The 353 Days of UnChristmas

Christmas is well and truly over. But somehow, this year I am struggling to make myself take down the decorations. Maybe it’s because I’m clinging to the Christmas holidays like someone who knows she might drown if she doesn’t keep pummelling the water. Or maybe it’s because it doesn’t really feel like Christmas happened this year.

If I’m honest, it feels like that every year nowadays. I think people go through many stages of Christmas disillusionment – the inevitable Santa Claus discovery, the year that toys and trinkets don’t excite like they used to, the year that Christmas becomes a marker of loneliness. The magic fades over the years, and you are left feeling increasingly dissatisfied. You can eat all the turkey you can muster, stuff yourself with Christmas treats and chocolate, get raging drunk with Granny and Uncle Tom – but the more you try, the bigger the anti-climax.

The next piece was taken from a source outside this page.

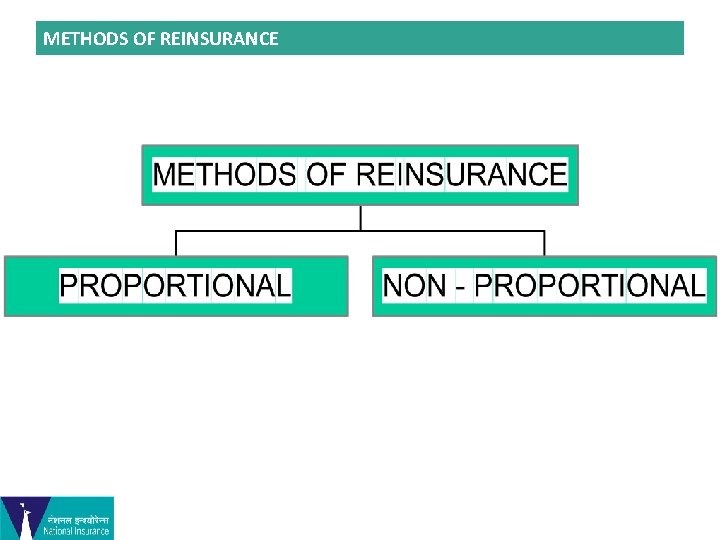 METHODS OF REINSURANCE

Of course, Christmas has famously been a difficult time for me for the past couple of years, and I am getting over that, year by year. I don’t mean to sound too maudlin. But let’s face it – Valentine’s Day is a pushover. Christmas is the hardest time of all, when Christmas movies and songs and pop culture in general push the association of exalted romanticism.

It all looks like a lot more fun now, looking back on it. In a few weeks’ time I will be gazing back with starry nostalgia, picking out the best and most “Christmassy” moments as the pinnacle of my personal happiness and satisfaction with life. But the truth is, Christmas has become somewhat of an ordeal. There is nothing worse than being told you should be happy – there is nothing more assured to make you utterly miserable.

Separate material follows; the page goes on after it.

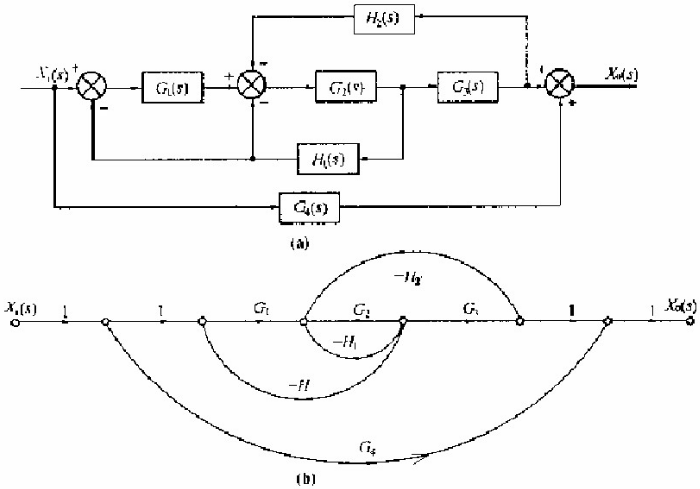 控制系统的方框图如图（a)所示，试绘出系统的信号流图，并利用梅逊公式求出系统的传递函数。控制系统的方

I’m somewhat uncomfortable that this blog has taken off on such a gloomy note; but there is hopefulness in the air. Every January, between the 10th and the 15th, I feel life trickling back into me again. I pick up where I left off. I realise that I actually am happy; I might not be as ecstatic as all my favourite Christmas movies seem to think I should be, but I am happy.

When I woke up this morning I felt surprised at this glimmer of happiness. And then I felt ashamed at my surprise. Today I will take down the Christmas decorations; I will submit a short story to a competition; I will do the reading for college that I have been avoiding, camel-like; and I will look towards a bright future.

Because, ladies and gentlemen, I have not only survived another Christmas – I even managed to enjoy most of it. And that’s something to be proud of.